“Ey Muhammed!) De ki: ‘Duanız olmasa Rabbim size ne diye değer versin!” (Furkan, 25/77) Müminin Rabbi katındaki değeri, kıymeti duası ve kulluğu nispetindedir. Dua bizatihi ibadet, ibadetin ta kendisidir. Sevgili Peygamberimiz (s.a.s.) “Dua ibadetin özüdür.” (Tirmizî, Daavât, 1) buyurmak suretiyle dua ile ibadet arasındaki bu yakınlığa dikkat çekmişti. Dua, istemek, dilemek, yalvarmak, çağırmak, seslenmek anlamlarına gelmektedir. Dua, kulun bütün benliğiyle, derin bir saygı içerisinde Rabbine yönelerek istek ve dilekte bulunmasıdır. Dua, kulun kendi acziyetini, noksanlığını bilerek, Yüce Yaratıcının büyüklüğünü anlayarak ihtiyaç ve isteklerini Yüce Allah’a arz etmesi ve O’ndan yardım dilemesidir. Dua, sınırlı ve aciz kulun sınırsız ve sonsuz güç ve kudret sahibi Rabbi ile kopmayan bağıdır. Muhammed İkbal’e göre dua ve ibadet, kâinatın dehşet verici sessizliği içinde insanoğlunun kendisine bir cevap bulmak için hissettiği derin hasret ve iştiyakın ifadesidir. (bk. Selahattin Parladır, Dua, DİA, 9/531) Dua ihtiyaç anahtarıdır, ihtiyaç sahiplerinin dinleneceği, çaresiz kalanların sığınacağı ve ümit sahiplerinin nefes alacağı yerdir. (Abdulkerim Kuşeyri, Kuşeyri Risalesi, Terc. Şeyhülislam Sadettin Efendi, s. 358)
Rabbimiz “Kullarım, beni senden sorarlarsa, (bilsinler ki), gerçekten ben (onlara çok) yakınım. Bana dua edince, dua edenin duasına cevap veririm. O hâlde, doğru yolu bulmaları için benim davetime uysunlar, bana iman etsinler.” (Bakara, 2/186) buyurmuş ve bu ayette dua edenin duasını kabul edeceğini va’d etmiştir. Bu müjde iman etme ve Allah’ın davetine uyma şartıyladır. Cenabı Hakkı övme, hamd etme, O’ndan af, afiyet ve nimet istemek duadır. Zikir, tesbih, hamd, senâ, şükür, tövbe, istiğfar, tevekkül, istiaze, besmele vb. hepsi duadır. Dua eden ibadet halindedir ve kulluk üzeredir.

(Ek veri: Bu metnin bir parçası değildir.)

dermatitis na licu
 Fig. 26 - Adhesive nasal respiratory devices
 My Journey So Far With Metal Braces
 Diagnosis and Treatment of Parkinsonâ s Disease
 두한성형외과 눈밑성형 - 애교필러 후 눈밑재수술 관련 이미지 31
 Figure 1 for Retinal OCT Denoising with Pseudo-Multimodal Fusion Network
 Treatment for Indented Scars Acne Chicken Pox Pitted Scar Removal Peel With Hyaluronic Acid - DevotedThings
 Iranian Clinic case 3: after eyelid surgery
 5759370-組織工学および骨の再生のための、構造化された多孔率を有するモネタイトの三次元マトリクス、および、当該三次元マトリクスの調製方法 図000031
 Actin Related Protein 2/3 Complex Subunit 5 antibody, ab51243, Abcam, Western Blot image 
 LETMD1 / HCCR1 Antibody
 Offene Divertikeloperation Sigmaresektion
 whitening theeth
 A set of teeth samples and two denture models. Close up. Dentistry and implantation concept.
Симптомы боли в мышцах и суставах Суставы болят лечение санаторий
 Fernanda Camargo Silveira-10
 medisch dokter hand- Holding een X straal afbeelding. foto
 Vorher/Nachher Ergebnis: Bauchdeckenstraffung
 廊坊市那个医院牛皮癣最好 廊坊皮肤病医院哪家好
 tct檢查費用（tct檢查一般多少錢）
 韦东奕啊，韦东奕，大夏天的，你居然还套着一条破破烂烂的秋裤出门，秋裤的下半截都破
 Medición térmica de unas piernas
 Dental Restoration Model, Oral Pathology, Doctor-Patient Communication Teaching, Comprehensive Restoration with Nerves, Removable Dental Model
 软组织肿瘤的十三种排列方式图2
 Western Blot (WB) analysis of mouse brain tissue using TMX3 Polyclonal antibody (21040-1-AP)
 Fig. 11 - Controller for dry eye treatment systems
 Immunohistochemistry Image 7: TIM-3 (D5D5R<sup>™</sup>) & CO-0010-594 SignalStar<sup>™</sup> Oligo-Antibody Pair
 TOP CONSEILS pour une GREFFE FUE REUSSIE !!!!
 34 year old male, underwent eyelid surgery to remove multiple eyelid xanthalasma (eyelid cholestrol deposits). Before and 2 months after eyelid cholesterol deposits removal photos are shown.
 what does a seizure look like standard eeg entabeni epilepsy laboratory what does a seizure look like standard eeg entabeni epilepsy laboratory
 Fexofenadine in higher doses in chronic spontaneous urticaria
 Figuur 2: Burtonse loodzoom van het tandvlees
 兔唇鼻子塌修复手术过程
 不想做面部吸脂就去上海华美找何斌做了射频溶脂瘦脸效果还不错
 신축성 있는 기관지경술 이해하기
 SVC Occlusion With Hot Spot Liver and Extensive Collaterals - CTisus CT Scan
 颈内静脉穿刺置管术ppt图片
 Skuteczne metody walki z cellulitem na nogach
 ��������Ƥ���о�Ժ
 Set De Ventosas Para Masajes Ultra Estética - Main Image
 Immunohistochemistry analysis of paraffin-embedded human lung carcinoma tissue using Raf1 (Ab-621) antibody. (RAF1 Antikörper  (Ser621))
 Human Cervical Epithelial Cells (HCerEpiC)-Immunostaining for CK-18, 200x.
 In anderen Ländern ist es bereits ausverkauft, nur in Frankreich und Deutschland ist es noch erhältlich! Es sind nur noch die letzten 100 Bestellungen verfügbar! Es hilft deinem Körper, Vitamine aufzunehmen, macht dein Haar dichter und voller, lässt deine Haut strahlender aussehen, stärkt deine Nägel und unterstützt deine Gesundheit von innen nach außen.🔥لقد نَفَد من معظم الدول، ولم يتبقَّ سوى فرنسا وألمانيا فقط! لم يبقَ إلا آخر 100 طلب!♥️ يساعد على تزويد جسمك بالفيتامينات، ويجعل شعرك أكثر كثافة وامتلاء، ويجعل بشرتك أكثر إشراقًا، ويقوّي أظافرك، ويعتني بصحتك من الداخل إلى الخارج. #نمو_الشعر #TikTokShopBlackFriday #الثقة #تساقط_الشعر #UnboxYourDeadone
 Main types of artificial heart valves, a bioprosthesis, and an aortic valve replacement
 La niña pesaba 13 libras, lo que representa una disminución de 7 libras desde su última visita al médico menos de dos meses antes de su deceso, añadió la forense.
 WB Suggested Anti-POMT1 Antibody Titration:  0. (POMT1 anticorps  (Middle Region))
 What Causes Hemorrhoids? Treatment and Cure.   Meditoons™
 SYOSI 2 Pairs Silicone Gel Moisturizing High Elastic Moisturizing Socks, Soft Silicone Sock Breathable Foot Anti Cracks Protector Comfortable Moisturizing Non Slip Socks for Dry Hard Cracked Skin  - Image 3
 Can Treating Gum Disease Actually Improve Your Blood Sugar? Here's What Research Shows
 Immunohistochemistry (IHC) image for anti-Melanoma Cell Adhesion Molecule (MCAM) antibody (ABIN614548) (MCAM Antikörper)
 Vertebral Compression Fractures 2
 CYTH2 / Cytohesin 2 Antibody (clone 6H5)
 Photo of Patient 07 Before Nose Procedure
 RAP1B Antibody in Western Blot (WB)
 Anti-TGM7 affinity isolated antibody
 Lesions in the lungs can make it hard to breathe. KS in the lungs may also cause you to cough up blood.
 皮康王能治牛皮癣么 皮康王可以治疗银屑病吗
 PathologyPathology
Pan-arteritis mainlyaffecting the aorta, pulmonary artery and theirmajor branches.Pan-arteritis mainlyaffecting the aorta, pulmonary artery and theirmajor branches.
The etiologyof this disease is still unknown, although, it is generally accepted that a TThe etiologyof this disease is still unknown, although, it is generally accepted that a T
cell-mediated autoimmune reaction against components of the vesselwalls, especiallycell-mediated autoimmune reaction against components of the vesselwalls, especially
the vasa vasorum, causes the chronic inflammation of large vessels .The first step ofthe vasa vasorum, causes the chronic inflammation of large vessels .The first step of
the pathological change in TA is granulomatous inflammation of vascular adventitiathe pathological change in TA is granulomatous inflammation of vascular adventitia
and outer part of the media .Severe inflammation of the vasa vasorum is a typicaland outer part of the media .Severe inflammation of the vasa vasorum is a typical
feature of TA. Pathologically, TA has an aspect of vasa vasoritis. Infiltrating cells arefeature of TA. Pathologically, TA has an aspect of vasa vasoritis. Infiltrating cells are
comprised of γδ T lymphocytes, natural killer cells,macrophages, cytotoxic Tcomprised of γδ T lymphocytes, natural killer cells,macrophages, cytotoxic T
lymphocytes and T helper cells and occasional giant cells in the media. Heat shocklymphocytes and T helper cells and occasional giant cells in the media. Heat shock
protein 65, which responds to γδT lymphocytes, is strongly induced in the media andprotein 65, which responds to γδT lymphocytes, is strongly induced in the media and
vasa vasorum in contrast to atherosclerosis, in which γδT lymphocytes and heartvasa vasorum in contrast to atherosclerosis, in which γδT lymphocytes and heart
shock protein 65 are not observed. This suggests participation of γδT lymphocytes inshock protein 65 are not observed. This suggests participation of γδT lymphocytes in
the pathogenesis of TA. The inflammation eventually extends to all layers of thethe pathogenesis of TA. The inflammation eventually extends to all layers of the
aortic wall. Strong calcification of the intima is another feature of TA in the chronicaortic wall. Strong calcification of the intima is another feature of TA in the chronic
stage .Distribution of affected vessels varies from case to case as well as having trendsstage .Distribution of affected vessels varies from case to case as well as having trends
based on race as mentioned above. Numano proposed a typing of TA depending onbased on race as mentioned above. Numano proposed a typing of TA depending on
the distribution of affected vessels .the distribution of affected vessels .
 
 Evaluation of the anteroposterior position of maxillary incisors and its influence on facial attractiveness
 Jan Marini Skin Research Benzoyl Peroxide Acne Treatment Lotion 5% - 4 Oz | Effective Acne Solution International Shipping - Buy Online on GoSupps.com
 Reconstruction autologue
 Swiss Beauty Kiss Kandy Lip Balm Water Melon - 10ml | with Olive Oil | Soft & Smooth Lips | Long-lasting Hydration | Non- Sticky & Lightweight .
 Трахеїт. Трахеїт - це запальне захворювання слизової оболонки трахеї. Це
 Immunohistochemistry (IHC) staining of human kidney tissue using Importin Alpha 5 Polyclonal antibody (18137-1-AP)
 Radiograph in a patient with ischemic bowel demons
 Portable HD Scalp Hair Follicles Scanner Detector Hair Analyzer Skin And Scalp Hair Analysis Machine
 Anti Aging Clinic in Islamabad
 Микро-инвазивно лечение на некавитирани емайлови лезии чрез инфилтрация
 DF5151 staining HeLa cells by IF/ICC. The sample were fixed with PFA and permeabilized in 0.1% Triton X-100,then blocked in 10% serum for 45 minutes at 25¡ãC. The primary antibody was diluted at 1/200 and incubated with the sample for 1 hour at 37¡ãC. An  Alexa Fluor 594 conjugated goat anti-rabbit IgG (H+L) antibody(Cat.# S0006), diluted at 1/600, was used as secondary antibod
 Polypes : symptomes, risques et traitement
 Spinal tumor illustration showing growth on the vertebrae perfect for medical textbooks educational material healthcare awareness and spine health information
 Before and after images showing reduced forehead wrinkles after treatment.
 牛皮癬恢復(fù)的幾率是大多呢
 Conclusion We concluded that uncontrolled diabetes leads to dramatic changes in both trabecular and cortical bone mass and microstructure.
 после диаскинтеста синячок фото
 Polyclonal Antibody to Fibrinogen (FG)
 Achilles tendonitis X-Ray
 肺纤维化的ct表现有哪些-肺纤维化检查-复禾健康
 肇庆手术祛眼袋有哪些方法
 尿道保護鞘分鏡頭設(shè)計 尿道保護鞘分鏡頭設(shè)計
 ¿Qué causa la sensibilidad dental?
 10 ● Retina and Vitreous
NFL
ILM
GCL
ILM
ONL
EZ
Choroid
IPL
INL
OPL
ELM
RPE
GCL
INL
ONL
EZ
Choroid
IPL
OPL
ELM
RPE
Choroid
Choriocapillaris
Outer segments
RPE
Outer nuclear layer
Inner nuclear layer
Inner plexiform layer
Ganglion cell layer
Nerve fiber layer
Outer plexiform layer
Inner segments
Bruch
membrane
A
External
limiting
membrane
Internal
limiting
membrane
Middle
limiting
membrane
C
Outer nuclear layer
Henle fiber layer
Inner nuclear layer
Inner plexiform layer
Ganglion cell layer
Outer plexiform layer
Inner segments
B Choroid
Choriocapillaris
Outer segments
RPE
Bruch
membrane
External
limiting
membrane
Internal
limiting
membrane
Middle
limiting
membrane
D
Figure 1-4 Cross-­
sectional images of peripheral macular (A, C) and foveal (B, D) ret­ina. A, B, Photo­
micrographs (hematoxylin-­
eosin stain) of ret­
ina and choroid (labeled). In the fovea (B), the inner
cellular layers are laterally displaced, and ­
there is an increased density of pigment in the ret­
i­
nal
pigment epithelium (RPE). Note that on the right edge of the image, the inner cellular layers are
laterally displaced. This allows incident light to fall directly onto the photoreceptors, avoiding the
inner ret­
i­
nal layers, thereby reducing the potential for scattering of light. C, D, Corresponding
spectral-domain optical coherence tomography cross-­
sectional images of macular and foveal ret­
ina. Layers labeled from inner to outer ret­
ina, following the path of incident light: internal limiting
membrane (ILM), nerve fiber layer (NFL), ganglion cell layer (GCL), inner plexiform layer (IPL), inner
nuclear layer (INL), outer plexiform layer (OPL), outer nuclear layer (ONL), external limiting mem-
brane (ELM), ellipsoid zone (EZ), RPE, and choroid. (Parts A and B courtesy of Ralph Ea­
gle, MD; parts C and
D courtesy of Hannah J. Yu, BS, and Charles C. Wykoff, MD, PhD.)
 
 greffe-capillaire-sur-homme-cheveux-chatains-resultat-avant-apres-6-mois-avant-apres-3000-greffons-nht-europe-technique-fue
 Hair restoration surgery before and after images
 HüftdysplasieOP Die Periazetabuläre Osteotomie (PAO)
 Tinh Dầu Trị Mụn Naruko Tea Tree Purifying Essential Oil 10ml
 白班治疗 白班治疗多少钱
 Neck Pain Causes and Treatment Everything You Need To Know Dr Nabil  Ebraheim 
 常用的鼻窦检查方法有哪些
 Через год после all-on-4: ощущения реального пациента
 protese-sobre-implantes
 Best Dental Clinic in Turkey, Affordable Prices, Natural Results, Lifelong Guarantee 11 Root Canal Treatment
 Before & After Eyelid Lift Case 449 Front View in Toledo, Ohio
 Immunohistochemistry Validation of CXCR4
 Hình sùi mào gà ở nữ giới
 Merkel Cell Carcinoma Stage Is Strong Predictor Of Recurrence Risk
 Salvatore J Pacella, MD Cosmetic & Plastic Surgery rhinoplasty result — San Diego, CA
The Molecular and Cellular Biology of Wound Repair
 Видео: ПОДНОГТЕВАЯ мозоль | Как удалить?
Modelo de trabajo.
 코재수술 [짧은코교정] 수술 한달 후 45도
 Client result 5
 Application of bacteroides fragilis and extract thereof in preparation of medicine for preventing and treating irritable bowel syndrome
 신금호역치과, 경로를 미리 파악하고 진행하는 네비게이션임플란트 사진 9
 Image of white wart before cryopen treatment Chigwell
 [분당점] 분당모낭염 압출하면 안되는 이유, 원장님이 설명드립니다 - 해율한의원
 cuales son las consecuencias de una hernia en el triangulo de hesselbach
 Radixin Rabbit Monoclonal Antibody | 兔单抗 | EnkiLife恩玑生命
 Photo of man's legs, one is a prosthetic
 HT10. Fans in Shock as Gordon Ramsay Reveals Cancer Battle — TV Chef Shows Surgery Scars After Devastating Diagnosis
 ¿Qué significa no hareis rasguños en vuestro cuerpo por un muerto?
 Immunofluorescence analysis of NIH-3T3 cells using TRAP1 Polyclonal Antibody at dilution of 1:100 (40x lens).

İnsan psikolojisinde, sonsuz bir kudrete sığınma ve bağlanma ihtiyacı vardır. İnsan yeryüzünün halifesi, kâinatın göz bebeği, en değerli varlık olsa da birçok noktada aciz ve zayıftır. İnsan, sıkıntılı ve zor zamanlarında güçlü bir varlığa sığınmak isteyen bir varlıktır. Bu bağlamda dua eden kişi rahatlar, gönlündeki darlık gider, yükünün hafiflediğini hisseder. Kişi dua ettiğinde yüce, sonsuz güç ve kudret sahibi Rabbinin kendisini işittiğini, gördüğünü, yakınında olduğunu bilir. Dua, kula güç ve moral verir. Zira Cenab-ı Hak “Nerede olursanız olun, O (Allah) sizinle beraberdir.” (Hadid, 57/4) buyurmuştur.
Dua, fırtınalı denizde emin limana demir atmaktır. Kimseye derdini anlatamadığı, anlattığında çare bulamadığında alemlerin Rabbi, sonsuz güç ve Kudret sahibi Allah-u Teala’ya halini arz edebilmesidir. Dua kulun Yaratıcısı ile kurduğu kuvvetli bir bağdır. Dua, kul ile Allah arasında vasıtasız ve aracısız iletişimdir. Kul bilmelidir ki Rabbi, kendisine çok yakındır. “Biz, ona şah damarından daha yakınız.” (Kaf, 50/16)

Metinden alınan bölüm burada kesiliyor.